Nella foto, zaino in suede rosa blush disponibile in versione sia regolare sia mini, Mansur Gavriel. In basso, zaino-envelope componibile a seconda del tessuto selezionato (dalla giungla al botanico) in cotone e pelle, Maison Baluchon.

Freelance
Vita da freelance, in giro per la città con un calendario che cambia ogni giorno. Serve uno zaino che sia il migliore dei colleghi e che non tradisca mai. Che sia capiente per raccogliere eventuale materiale dai diversi studi e clienti, che abbia la sacra tasca imbottita per il laptop, che abbia mille altri scomparti per i carica batterie, per una bottiglietta d’acqua perché quando si pedala per la città viene sete, biro, pennarelli, un blocchetto per prendere appunti. Che sia resistente perché ogni giorno si fa qualcosa di diverso, ma anche on trend, che magari dal coworking si finisce dirette a fare un aperitivo la sera.

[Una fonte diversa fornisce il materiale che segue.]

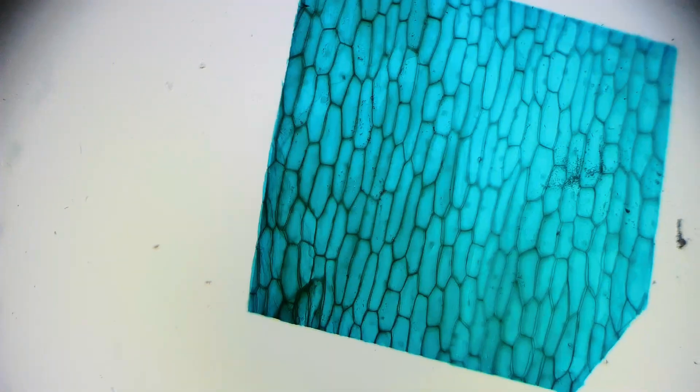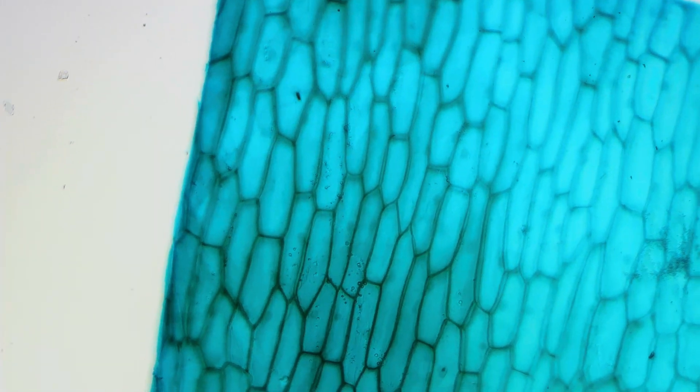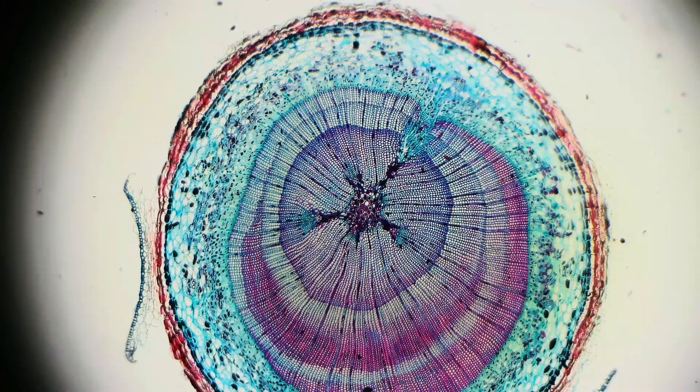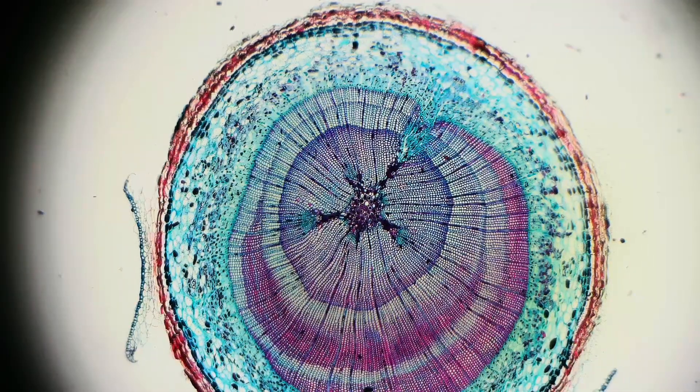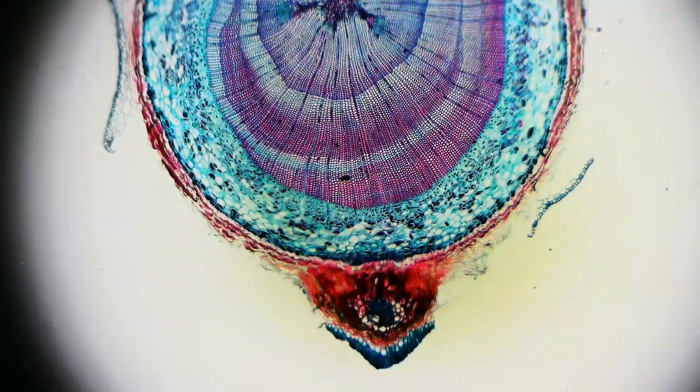After testing a variety of samples, I'm really impressed with the performance of this microscope. Whether it's biological samples, electronics, coins, or just everyday objects, the microscope consistently delivers high-quality images with plenty of detail. So whether you're a student, hobbyist, or professional, this microscope has the versatility and power to meet a wide range of needs.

Nella foto, il classico modello Dawson con chiusure magnetiche, tasche esterne, base rinforzata e tasca per laptop nella versione celebrativa con disegni di Keith Haring, Herschel Supply Co. In basso, Kanken in tessuto ad alta resistenza e durabilità con guarnizioni in pelle e tasca per laptop, Fjallraven.

Serata romantica
Tornare a casa e avere il tempo contato come atlete olimpioniche: accendere la musica per mettersi nel giusto mood, la doccia, la scelta dell’abito, il make-up. Ricevere chiamate mentre siamo sotto la doccia, recuperarle, scoprire dove andremo a cena, non vedere l’ora di uscire anche se si è in ritardo, non avere voglia di pensare perché tanto sarà una bella serata. Ci vuole uno zainetto giusto per l’indispensabile, telefono e portafoglio e specchietto, che sia convertibile anche in borsa, che non importa dove finiremo, ma farà sicuramente parte di una notte speciale. 

Nella foto, zaino con moschettoni convertibile in borsa, McQ – Alexander McQueen @ Shopbop. In basso, zaino con ganci convertibile in borsa, Free People.